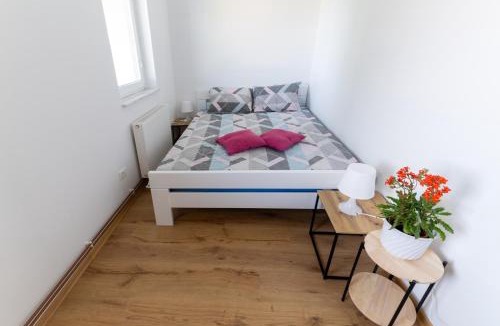 Miren-Kostanjevica Apartment | Apartma Luketovi
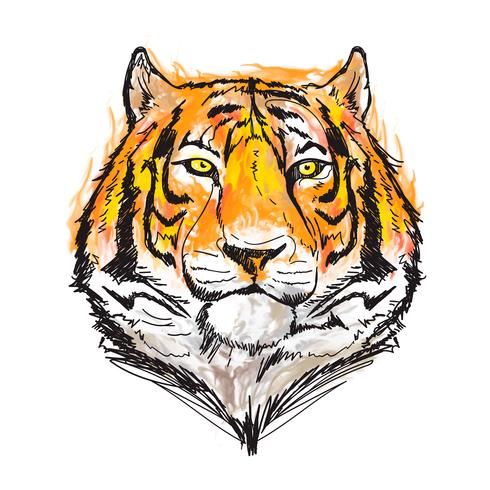 illustration vectorielle aquarelle génial tigre vecteur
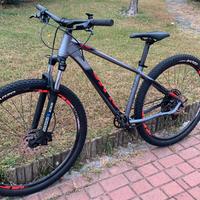 Bici mtb Olmo Carmo 29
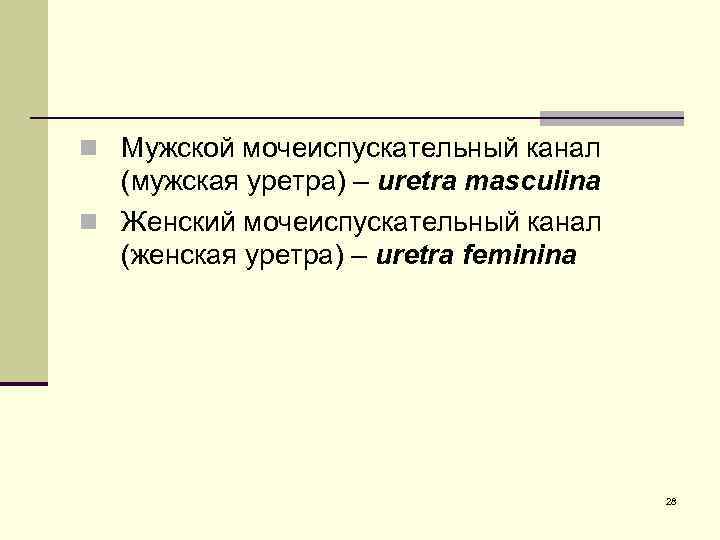 n Мужской мочеиспускательный канал (мужская уретра) – uretra masculina n Женский мочеиспускательный канал (женская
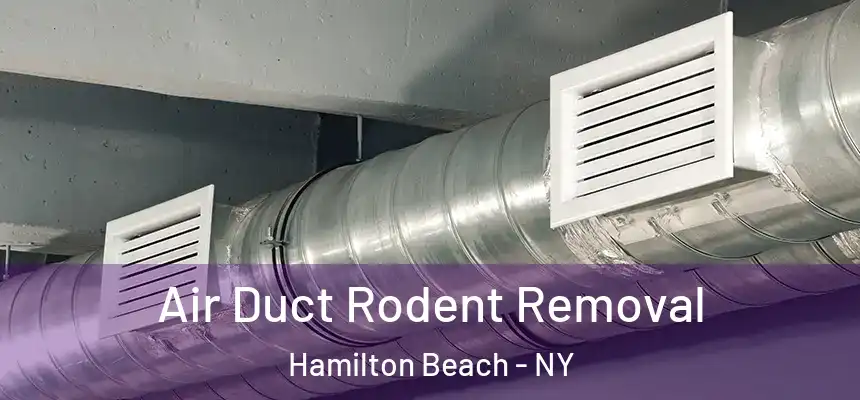 Air Duct Rodent Removal Hamilton Beach - NY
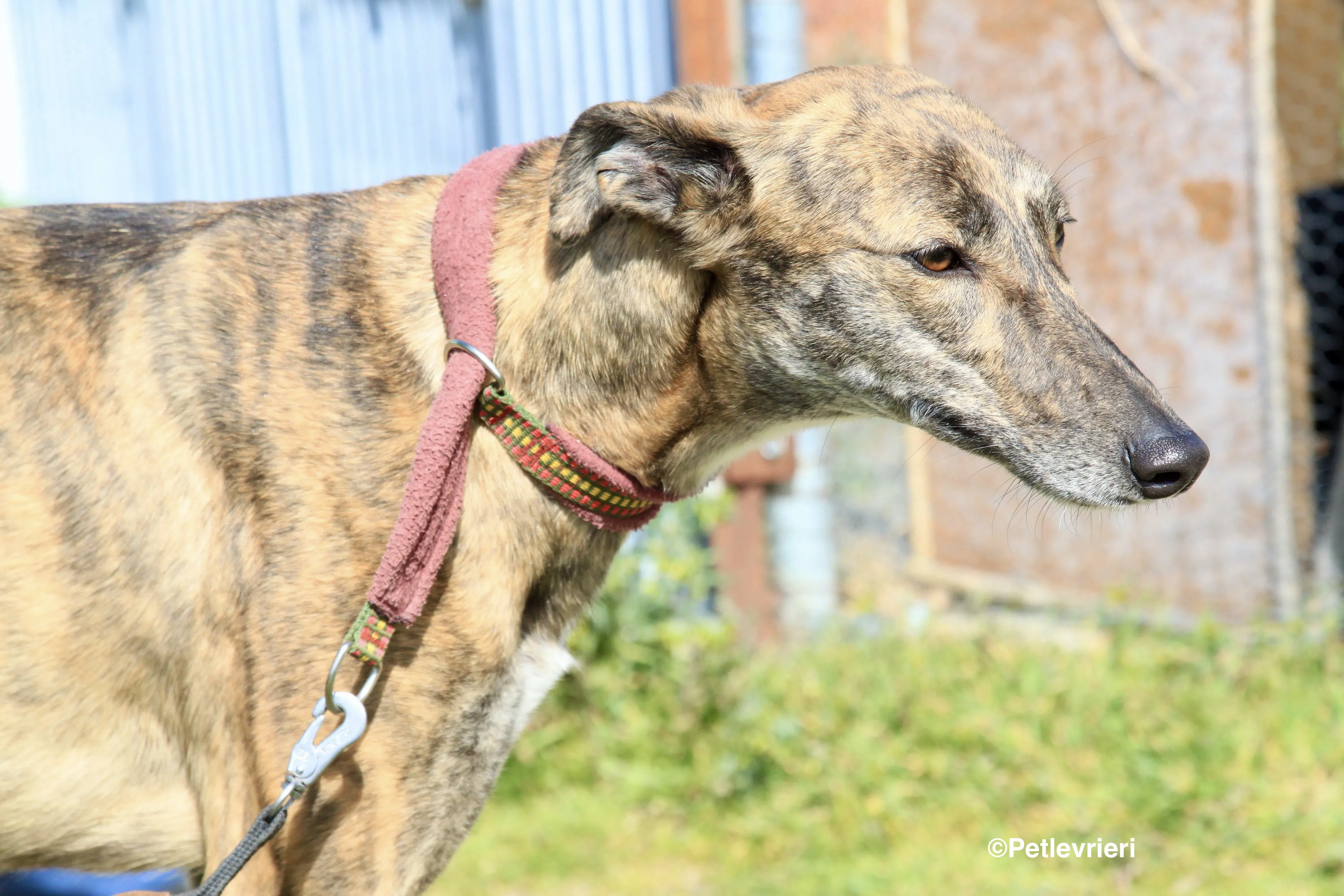 Mandy adozione levrieri galgo 11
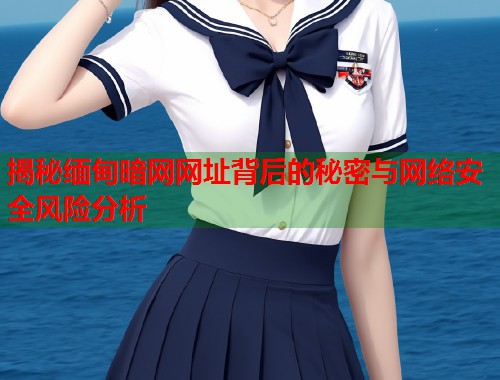 揭秘缅甸暗网网址背后的秘密与网络安全风险分析 第2张 揭秘缅甸暗网网址背后的秘密与网络安全风险分析 第2张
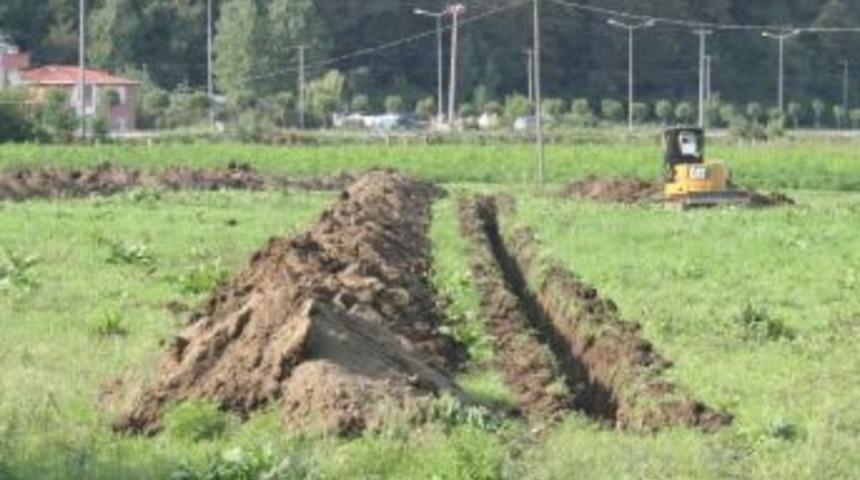 Ordu Botanik Bah&ccedil;esine Kavuşuyor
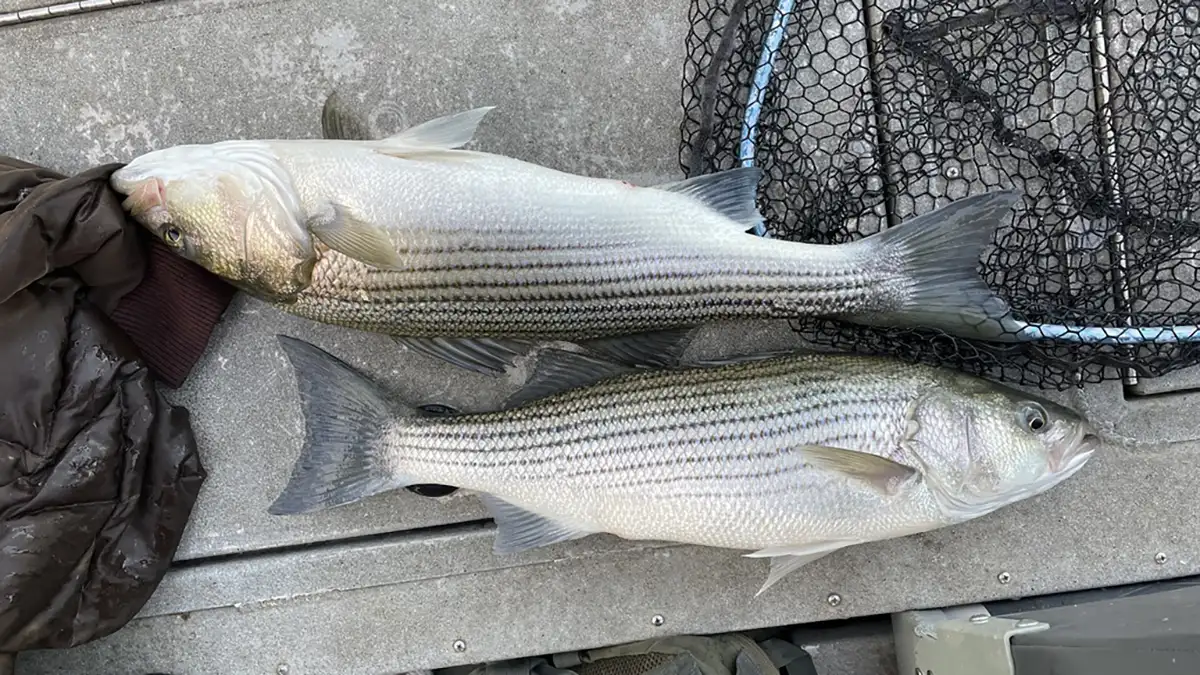 Catching Wipers, White Bass, and Walleyes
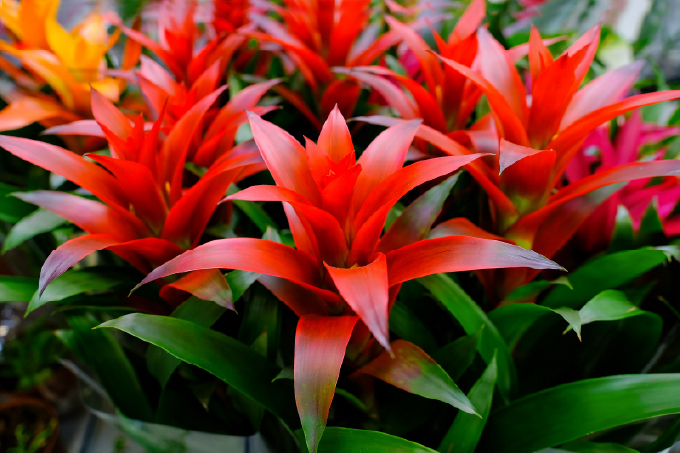 Bromeliad (rody Aechmea alebo Guzmania z čeľade Bromeliaceae)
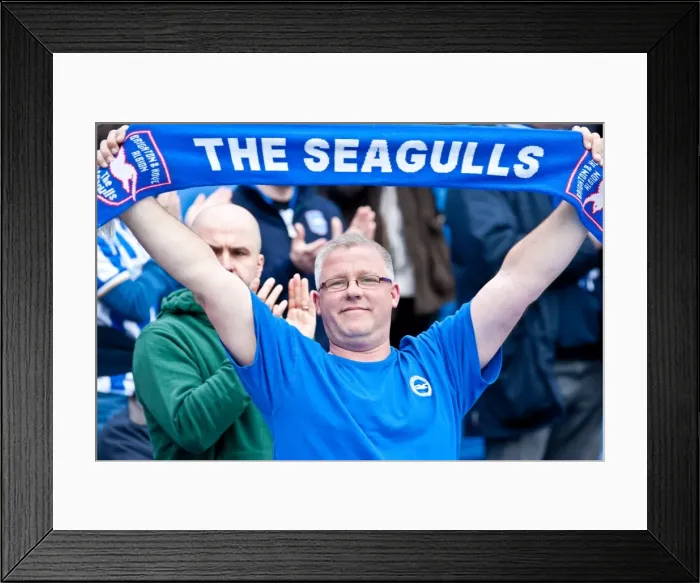 Framed Print : Brighton & Hove Albion FC: Passionate Fans in Action during the Championship Clash vs. Birmingham City (March 21, 2012) Framed Print : Brighton & Hove Albion FC: Passionate Fans in Action during the Championship Clash vs. Birmingham City (March 21, 2012)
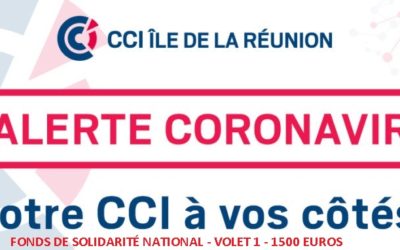 FONDS DE SOLIDARITÉ NATIONAL – VOLET 1 – 1500 EUROS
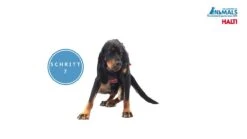 Halti Front Control Trainings- / Erziehungsgeschirr -Katzen Hundebedarf Geschäft yGk8y5OtNfU 32158 maxresdefault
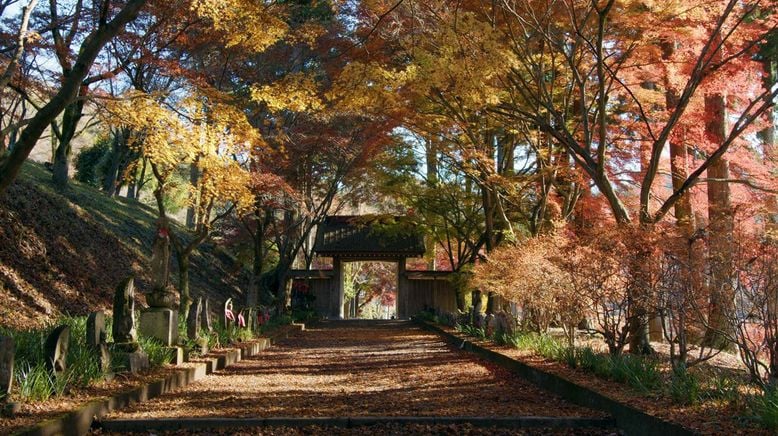 Japan im Licht der Jahreszeiten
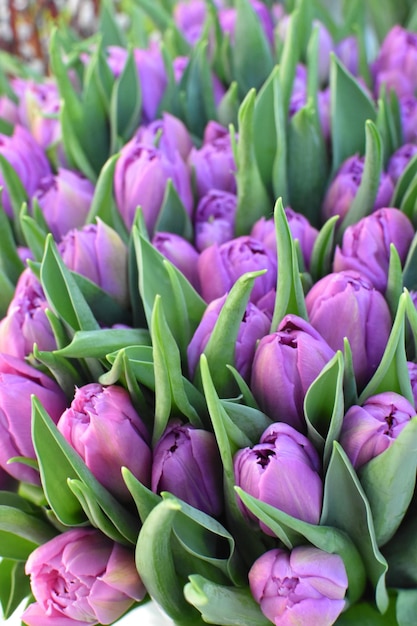 Flores de fundo tulipas flores frescas de primavera desabrochando na loja para venda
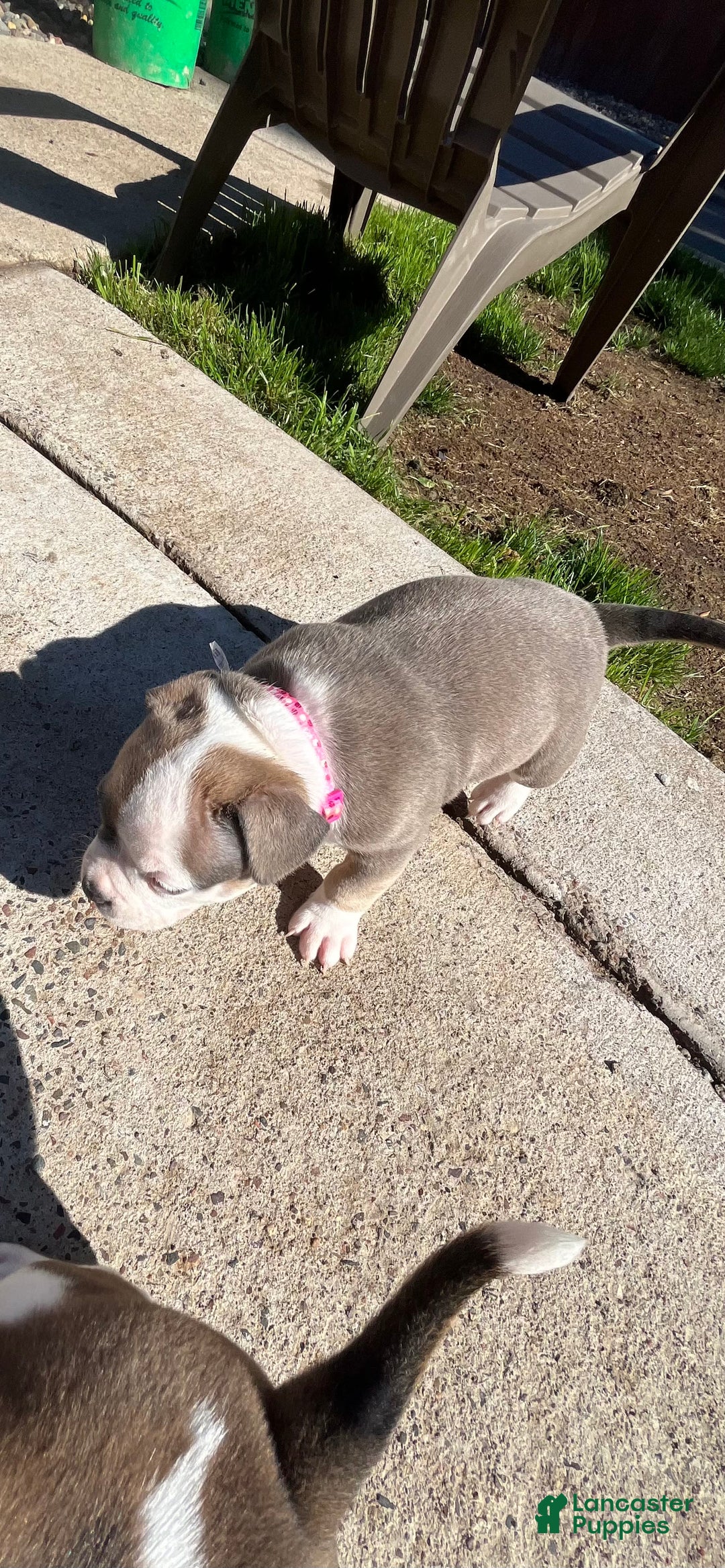 American Bully dogs for sale: Paris - Image 2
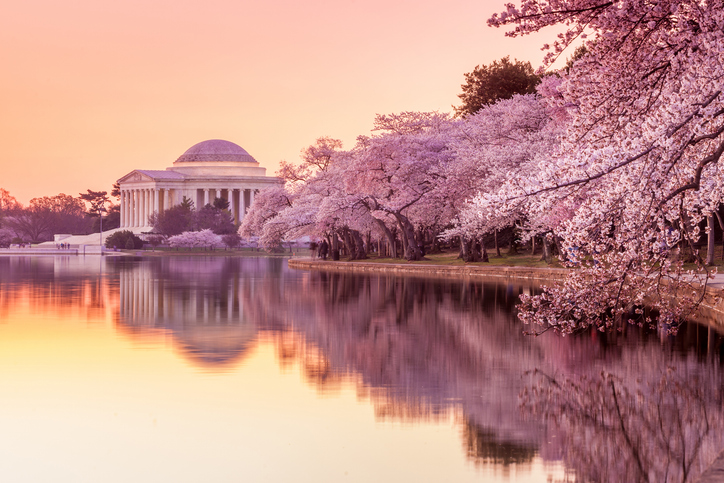 Photo of Washington, D.C. in the spring.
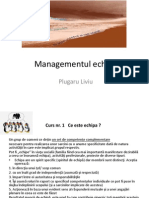 Managementul Echipei - Liviu Plugaru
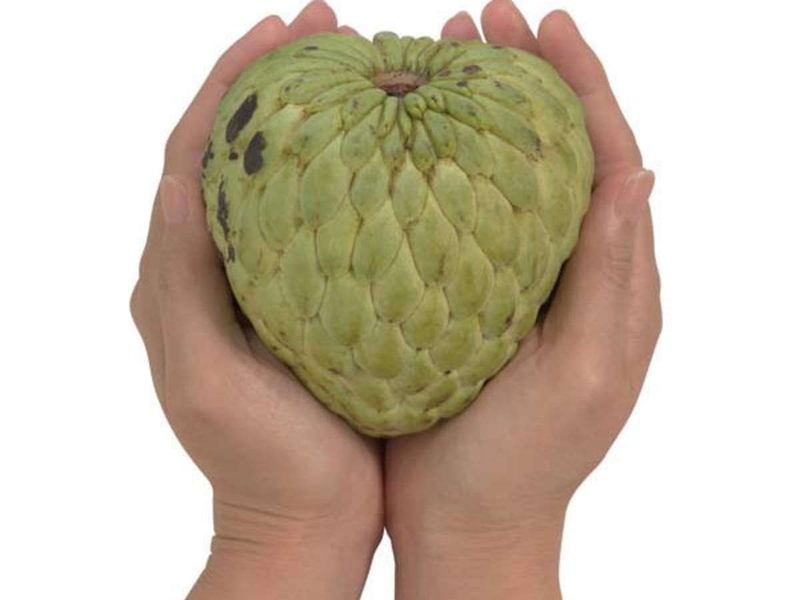 ở cữ có ăn được mãng cầu không 3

*Description of the task*. Everything from the line with "Japan im Licht der Jahreszeiten" through the end of the records above, and nothing else, is to be quoted exactly; please leave the pictures out.

*Answer space*.
 Japan im Licht der Jahreszeiten
 Flores de fundo tulipas flores frescas de primavera desabrochando na loja para venda
 American Bully dogs for sale: Paris - Image 2
 Photo of Washington, D.C. in the spring.
 Managementul Echipei - Liviu Plugaru
 ở cữ có ăn được mãng cầu không 3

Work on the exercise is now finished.